Depraved, Deranged, and Doing Real Damage
The former president is a grotesque man presiding over a grotesque party.
In his speech last night to his supporters at Mar-a-Lago, made several hours after he was arraigned in Manhattan on 34 felony counts, Donald Trump took aim at Juan Merchan, the judge in the case.
“I have a Trump-hating judge with a Trump-hating wife and family, whose daughter worked for Kamala Harris and now receives money from the Biden-Harris campaign, and a lot of it,” Trump said. He also compared the conduct of Merchan, who presided over the Trump Organization’s tax-fraud trial, to something “right out of the old Soviet Union.”
Earlier in the day, two of Trump’s sons, Don Jr. and Eric, attacked the judge’s daughter as well, with the former tweeting a picture of her. This came a few days after Trump posted a fake image of himself swinging a baseball bat at the head of Manhattan District Attorney Alvin Bragg, whom Trump referred to on his Truth Social platform as an “animal.”
I recently wrote that Trump was behaving like a mob boss. That comparison turns out to have been insulting to mob bosses everywhere. Andrew Weissmann, a former lead prosecutor in Robert Mueller’s Special Counsel’s office, was asked on MSNBC about Trump’s attack on Judge Merchan and his family. Noting that he had prosecuted Mafia cases in the past, Weissmann said, “You do not have this behavior from a mob boss. There is a rule in organized crime. You do not do this with respect to prosecutors. You don’t do this with respect to the judge. You certainly don’t go after their families. It’s bad business to do that.” Leave it to Donald Trump to go where Mafia dons will not.
On the day Trump was arraigned, the RealClearPolitics average of polls showed him far ahead of Florida Governor Ron DeSantis, 50.8 percent to 24.6 percent, with no other Republican drawing above 5 percent. In recent weeks, Trump has been surging in the polls, including since the indictment was announced.
Sarah Longwell, who has been doing focus groups with two-time Trump voters, reports that in her most recent groups, everyone supported Trump for the 2024 GOP nomination, which hasn’t been the case for months and months.

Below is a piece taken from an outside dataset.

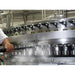 Operator steam cleaning a stainless food processing filler line with a Therma-Kleen high-pressure steam wand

Almost all elected Republicans who have spoken out have rallied to defend Trump. Senator Lindsey Graham appeared to be on the verge of tears as he begged people to send money to support Trump. Even those positioning themselves to challenge Trump for the GOP nomination are rising to the defense of the indicted ex-president. In listening to them, you would think Trump has never done anything wrong, ever. He is a victim, a persecuted martyr—and, as Marjorie Taylor Greene reminded us, he is in good company: Jesus was arrested too. (This was a particularly nice touch during Holy Week.)

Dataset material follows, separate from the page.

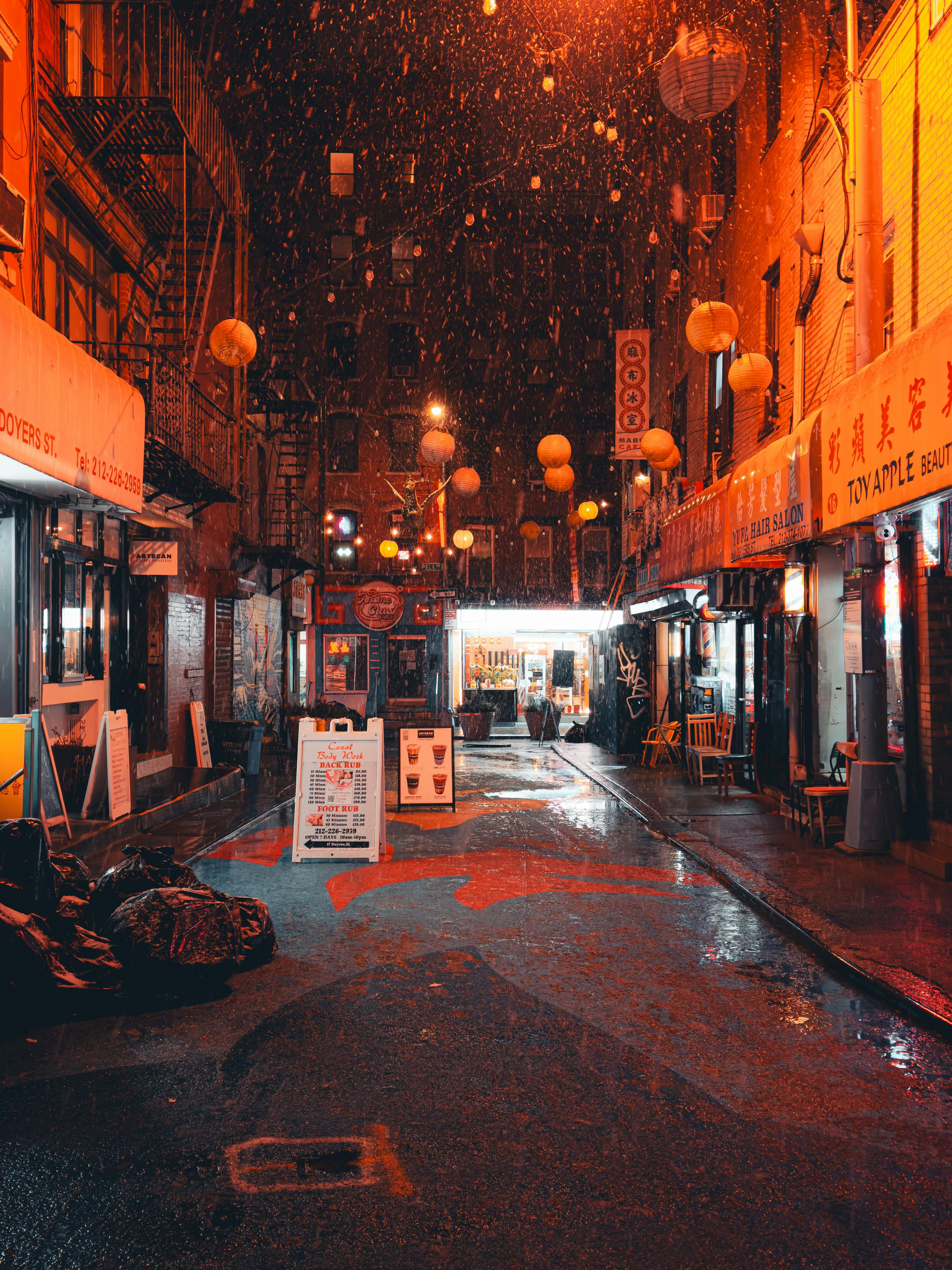 Atmospheric photo of a Chinatown street at night, illuminated by lanterns and glowing signs.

Two things are happening at once: Trump, depraved and deranged, is lashing out, more venomous than ever. As my colleague David Graham notes, in last night’s speech, Trump described Special Counsel Jack Smith as “a radical-left lunatic known as a bomb thrower”; the Fulton County, Georgia, prosecutor Fani Willis as “a local racist Democrat district attorney in Atlanta”; and New York Attorney General Letitia James as a “racist.” All three are investigating Trump.
Republican officials, whether they appreciate and admire Trump or are fearful of and submissive to him, continue to stand by him. They recognize that he is the most dominant and popular figure in the Republican Party. And they are stuck with him.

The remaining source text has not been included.